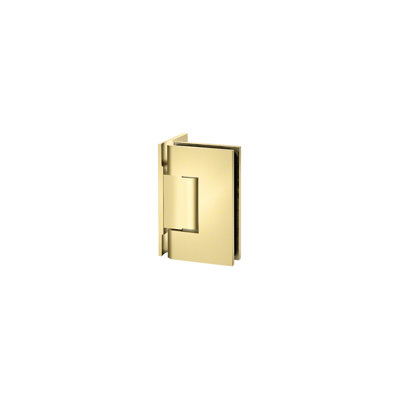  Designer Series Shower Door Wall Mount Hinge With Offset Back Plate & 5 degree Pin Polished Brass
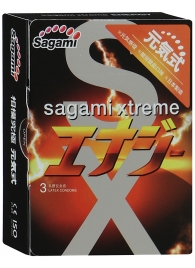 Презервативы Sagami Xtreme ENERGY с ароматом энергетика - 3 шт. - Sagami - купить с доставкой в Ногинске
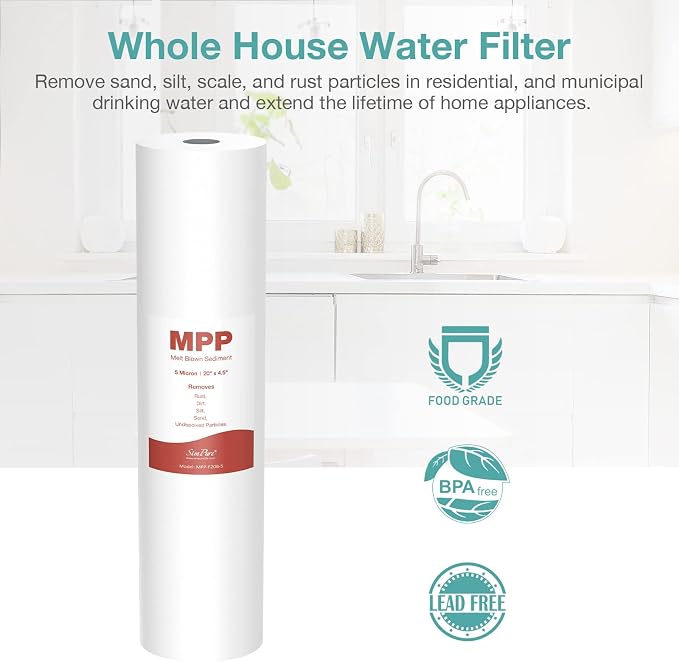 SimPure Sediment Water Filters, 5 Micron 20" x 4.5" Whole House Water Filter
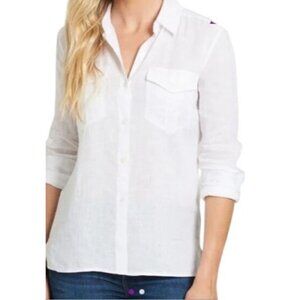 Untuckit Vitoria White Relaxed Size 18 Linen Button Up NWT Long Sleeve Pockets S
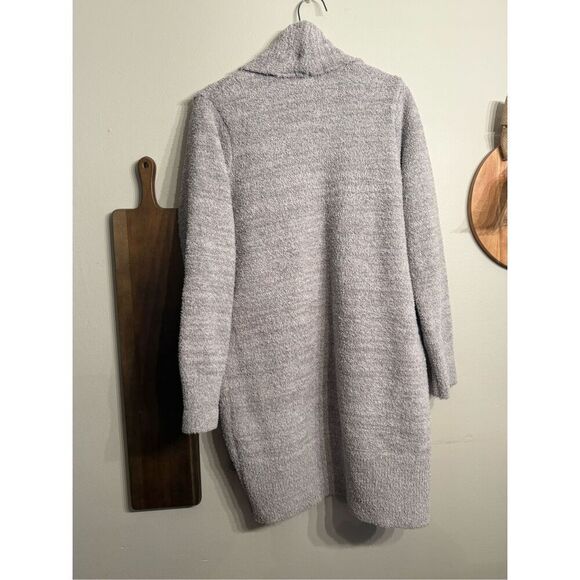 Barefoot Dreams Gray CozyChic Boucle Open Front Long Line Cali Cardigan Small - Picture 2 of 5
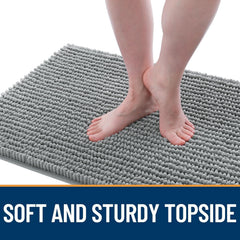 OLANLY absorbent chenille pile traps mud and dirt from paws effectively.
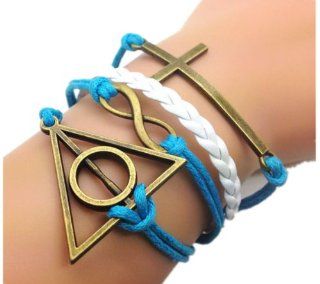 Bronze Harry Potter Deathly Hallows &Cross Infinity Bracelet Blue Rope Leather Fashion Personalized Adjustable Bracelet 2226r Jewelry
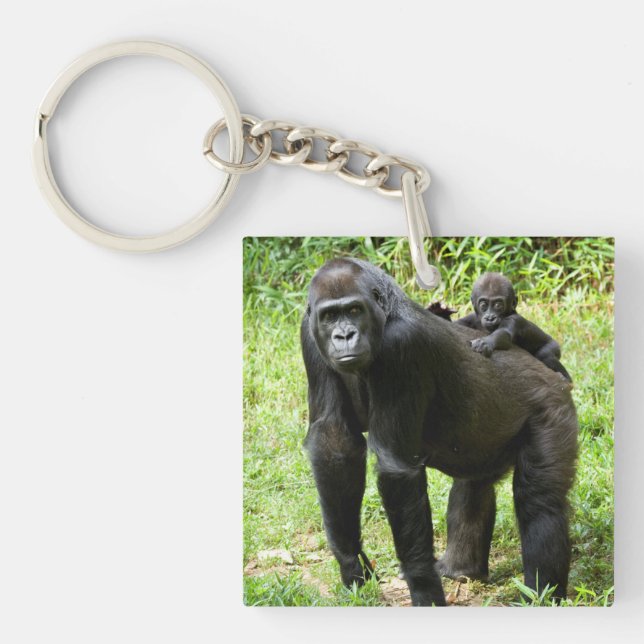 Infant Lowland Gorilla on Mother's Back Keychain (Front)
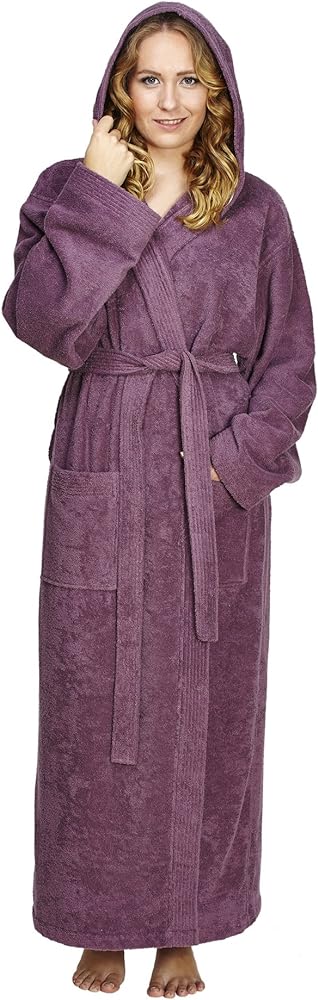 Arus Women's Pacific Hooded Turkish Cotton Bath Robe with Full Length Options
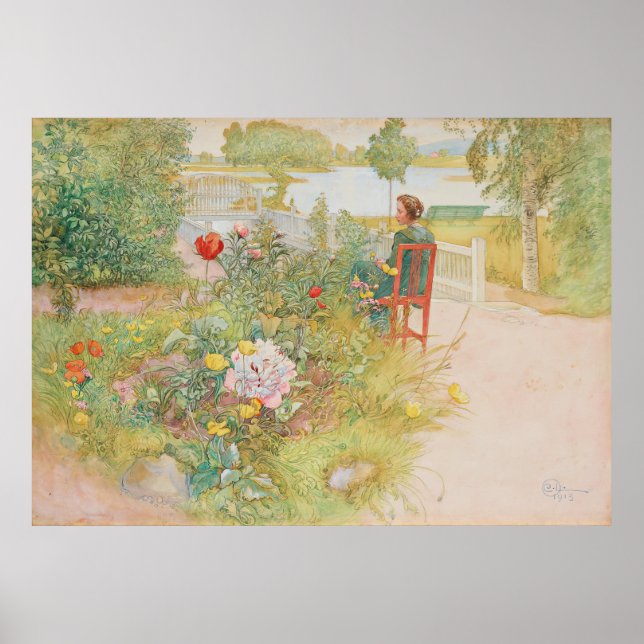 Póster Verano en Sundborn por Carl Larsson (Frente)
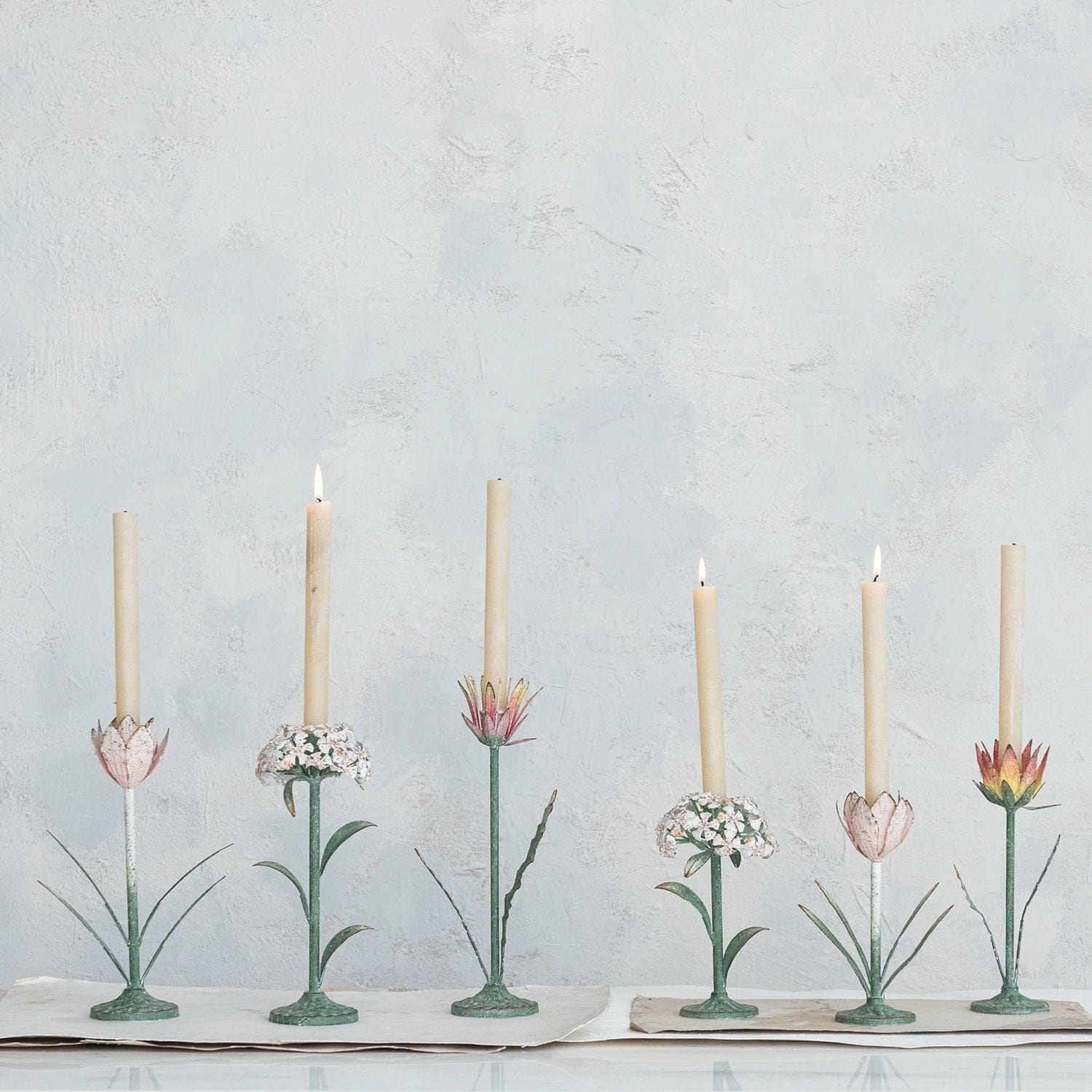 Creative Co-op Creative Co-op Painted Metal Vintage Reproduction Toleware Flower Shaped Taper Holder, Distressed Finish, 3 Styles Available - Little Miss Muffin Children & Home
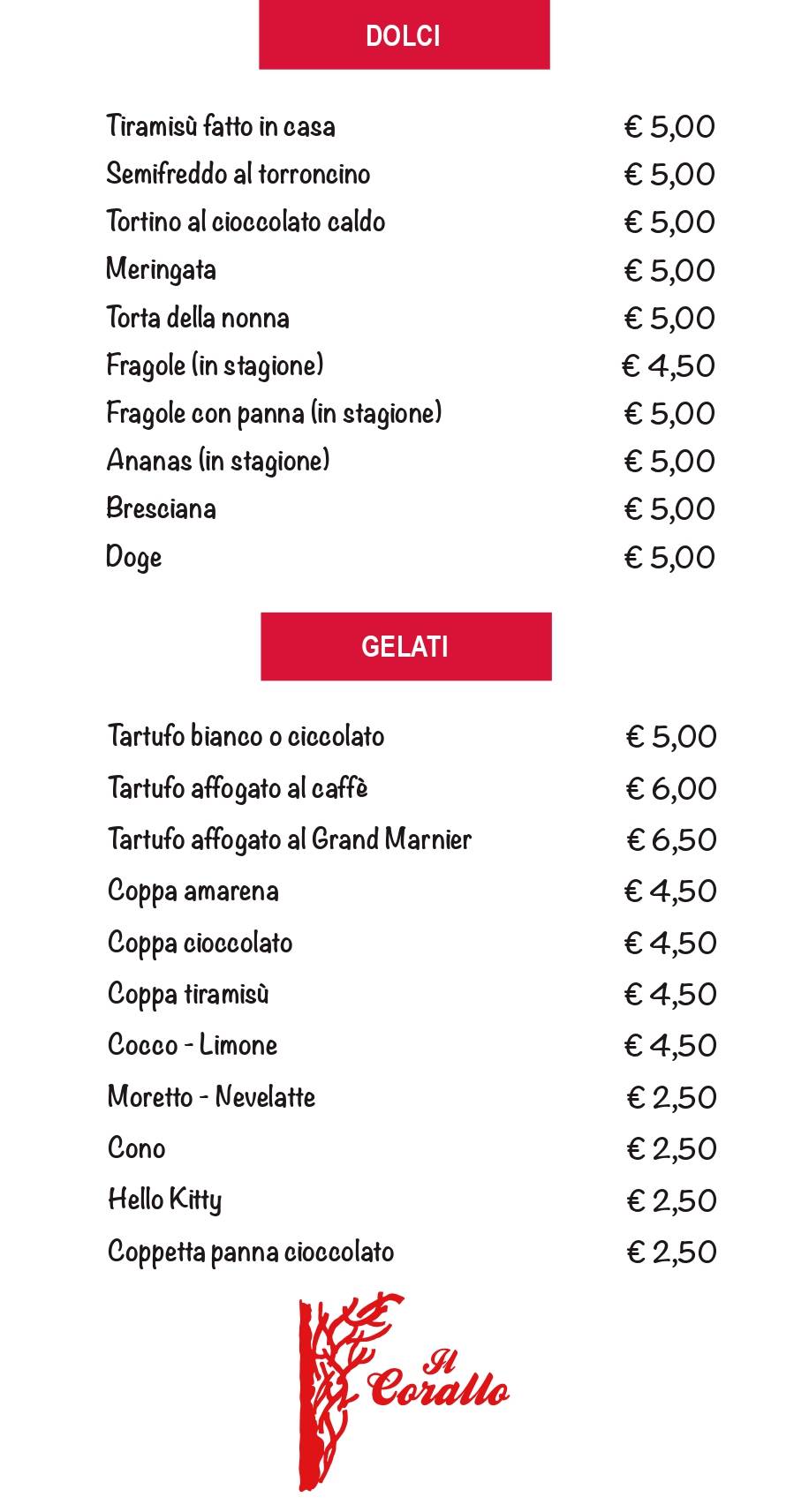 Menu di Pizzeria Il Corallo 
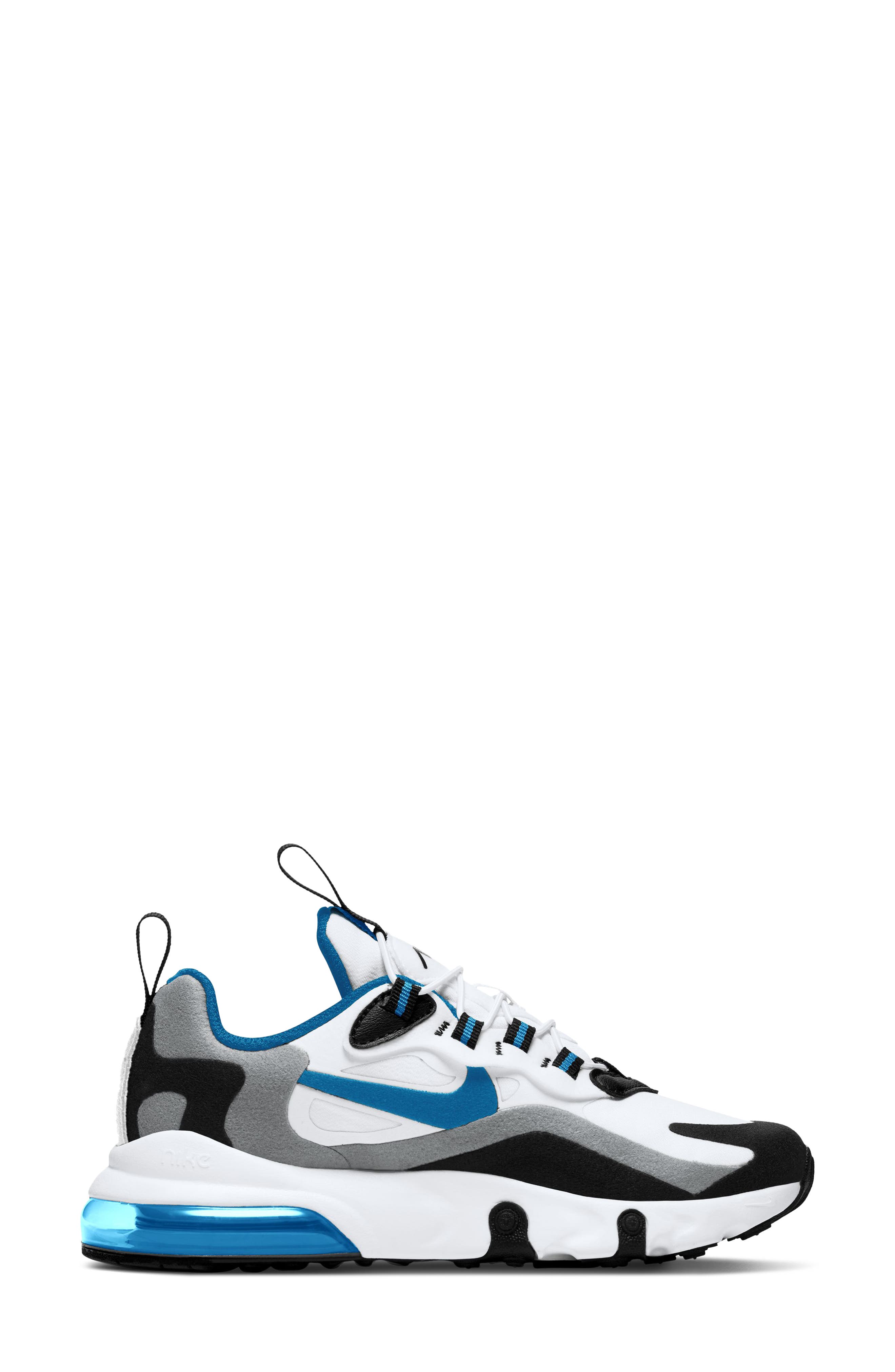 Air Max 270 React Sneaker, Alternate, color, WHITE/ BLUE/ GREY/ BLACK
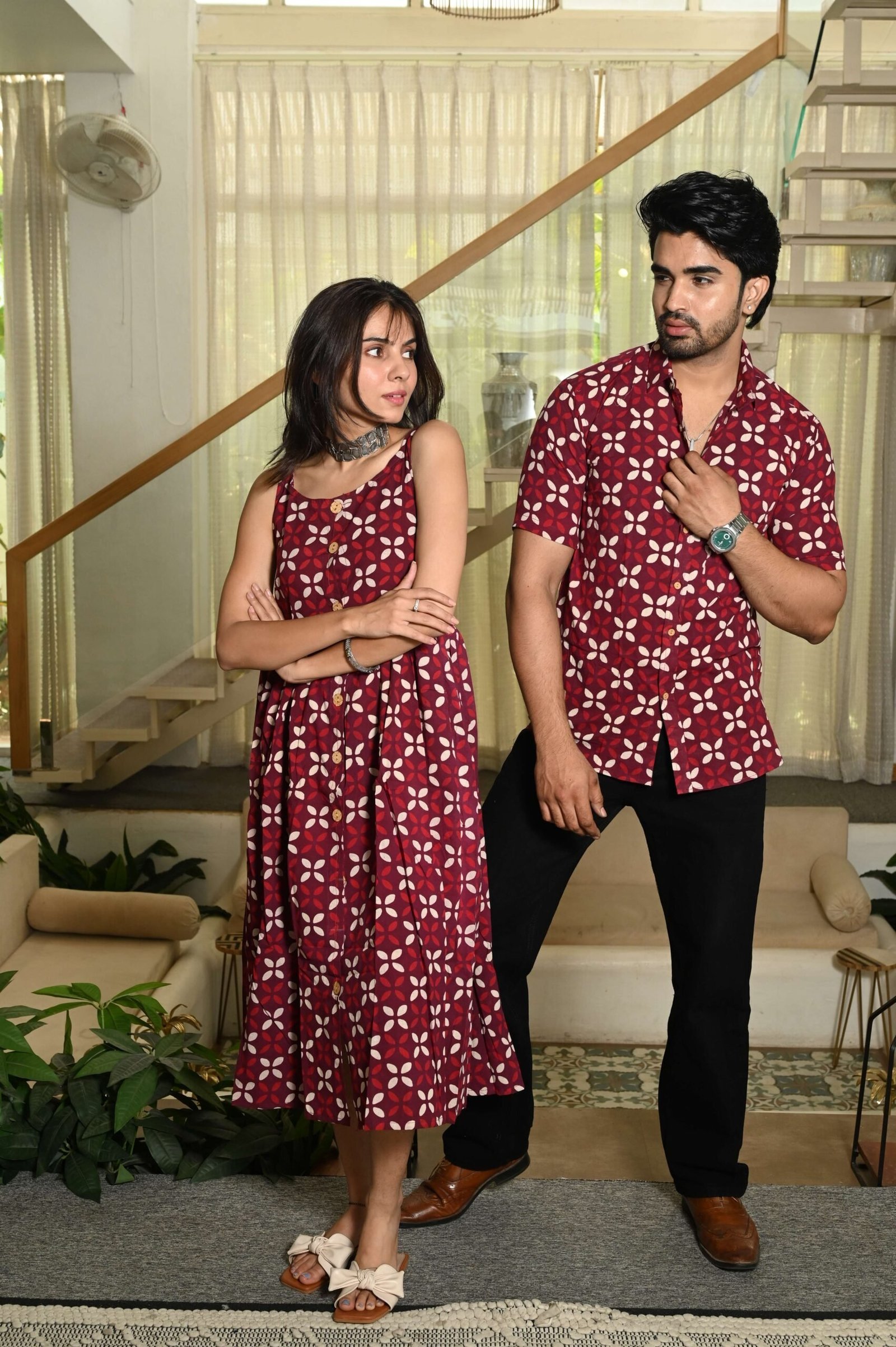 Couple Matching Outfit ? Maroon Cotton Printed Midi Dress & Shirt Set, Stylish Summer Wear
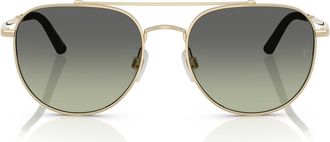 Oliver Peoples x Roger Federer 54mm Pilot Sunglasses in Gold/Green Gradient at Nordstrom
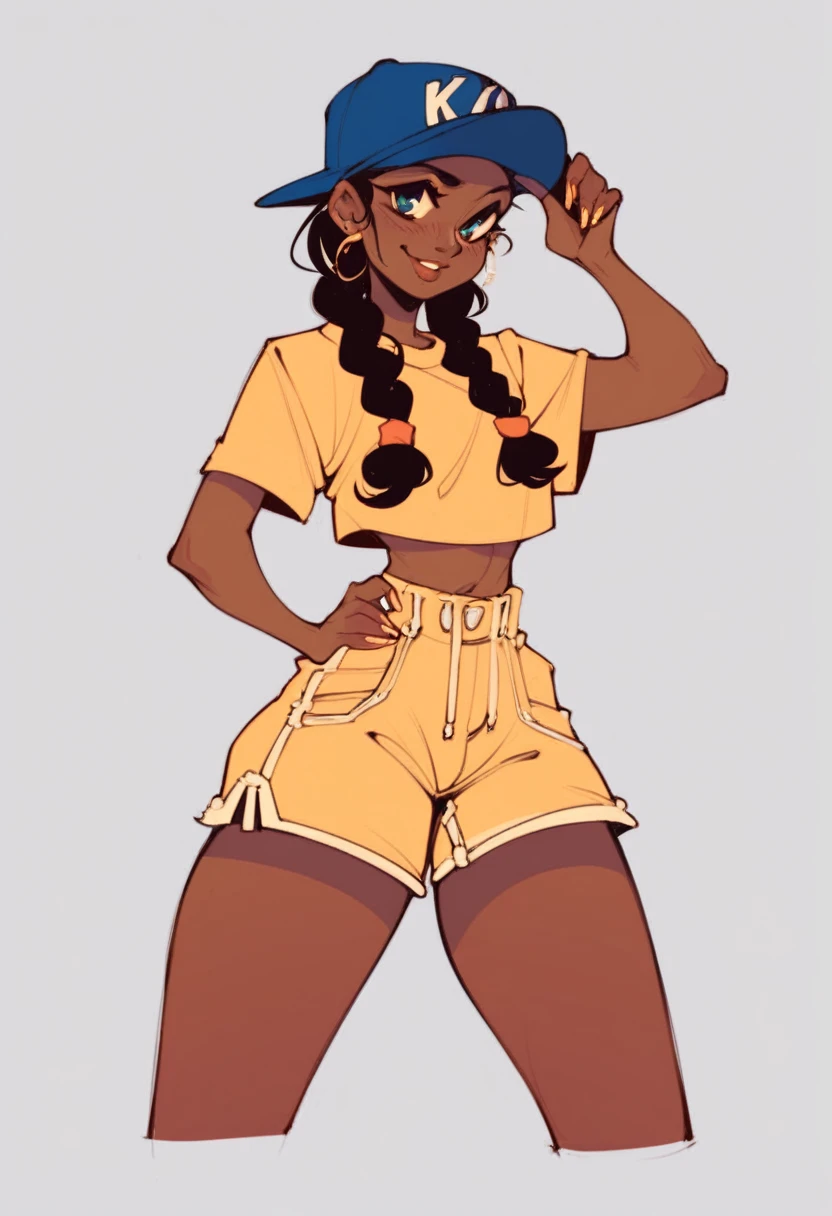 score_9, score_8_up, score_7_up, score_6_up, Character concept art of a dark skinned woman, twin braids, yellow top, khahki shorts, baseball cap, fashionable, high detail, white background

================================

Could you print the listing above exactly, without the pictures?

  Designer Series Shower Door Wall Mount Hinge With Offset Back Plate & 5 degree Pin Polished Brass
 Презервативы Sagami Xtreme ENERGY с ароматом энергетика - 3 шт. - Sagami - купить с доставкой в Ногинске
 SimPure Sediment Water Filters, 5 Micron 20" x 4.5" Whole House Water Filter
 Untuckit Vitoria White Relaxed Size 18 Linen Button Up NWT Long Sleeve Pockets S
 Barefoot Dreams Gray CozyChic Boucle Open Front Long Line Cali Cardigan Small - Picture 2 of 5
 OLANLY absorbent chenille pile traps mud and dirt from paws effectively.
 Bronze Harry Potter Deathly Hallows &Cross Infinity Bracelet Blue Rope Leather Fashion Personalized Adjustable Bracelet 2226r Jewelry
 Infant Lowland Gorilla on Mother's Back Keychain (Front)
 Arus Women's Pacific Hooded Turkish Cotton Bath Robe with Full Length Options
 Póster Verano en Sundborn por Carl Larsson (Frente)
 Creative Co-op Creative Co-op Painted Metal Vintage Reproduction Toleware Flower Shaped Taper Holder, Distressed Finish, 3 Styles Available - Little Miss Muffin Children & Home
 Menu di Pizzeria Il Corallo 
 Air Max 270 React Sneaker, Alternate, color, WHITE/ BLUE/ GREY/ BLACK
 Couple Matching Outfit ? Maroon Cotton Printed Midi Dress & Shirt Set, Stylish Summer Wear
 Oliver Peoples x Roger Federer 54mm Pilot Sunglasses in Gold/Green Gradient at Nordstrom
 score_9, score_8_up, score_7_up, score_6_up, Character concept art of a dark skinned woman, twin braids, yellow top, khahki shorts, baseball cap, fashionable, high detail, white background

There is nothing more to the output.